Exercise goal.
Exactly the lines below starting at the line with "So without further" and ending at the line with "Number two: 저는" are wanted, with both ends included. Leave out the pictures and add no other lines.

Available records.
----------

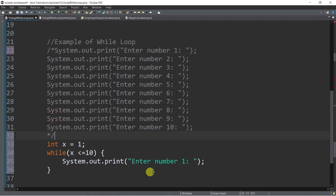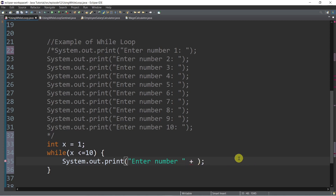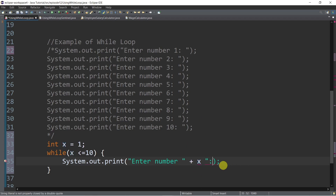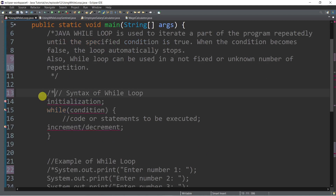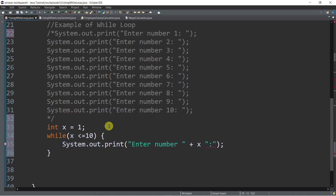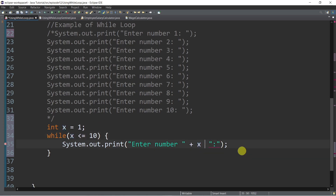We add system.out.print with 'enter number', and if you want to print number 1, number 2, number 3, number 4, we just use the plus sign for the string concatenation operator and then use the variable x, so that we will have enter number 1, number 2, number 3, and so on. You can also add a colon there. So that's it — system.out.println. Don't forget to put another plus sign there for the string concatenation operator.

----------

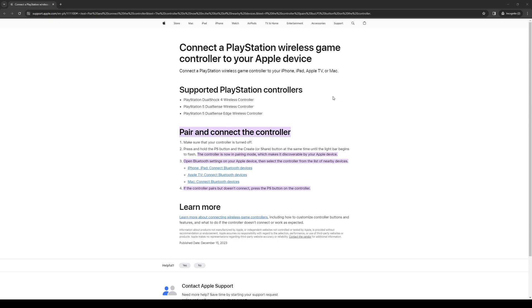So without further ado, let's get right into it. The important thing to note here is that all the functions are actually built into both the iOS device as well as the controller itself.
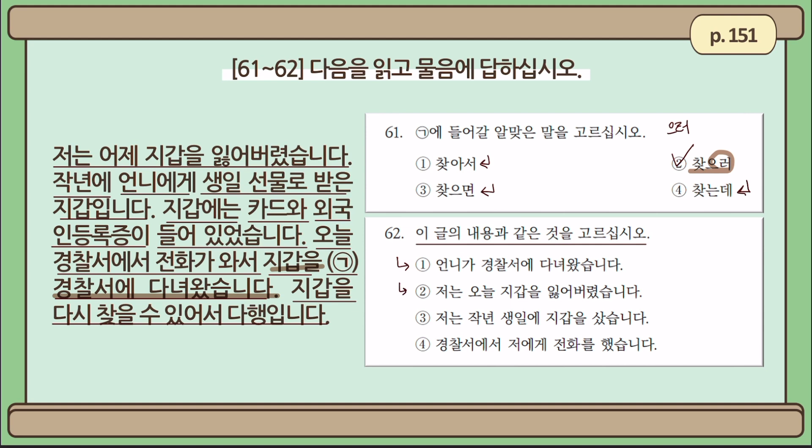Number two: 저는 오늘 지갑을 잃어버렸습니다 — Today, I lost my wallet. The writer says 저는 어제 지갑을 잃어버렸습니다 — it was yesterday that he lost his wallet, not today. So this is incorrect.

----------

Result below.
So without further ado, let's get right into it. The important thing to note here is that all the functions are actually built into both the iOS device as well as the controller itself.
Number two: 저는 오늘 지갑을 잃어버렸습니다 — Today, I lost my wallet. The writer says 저는 어제 지갑을 잃어버렸습니다 — it was yesterday that he lost his wallet, not today. So this is incorrect.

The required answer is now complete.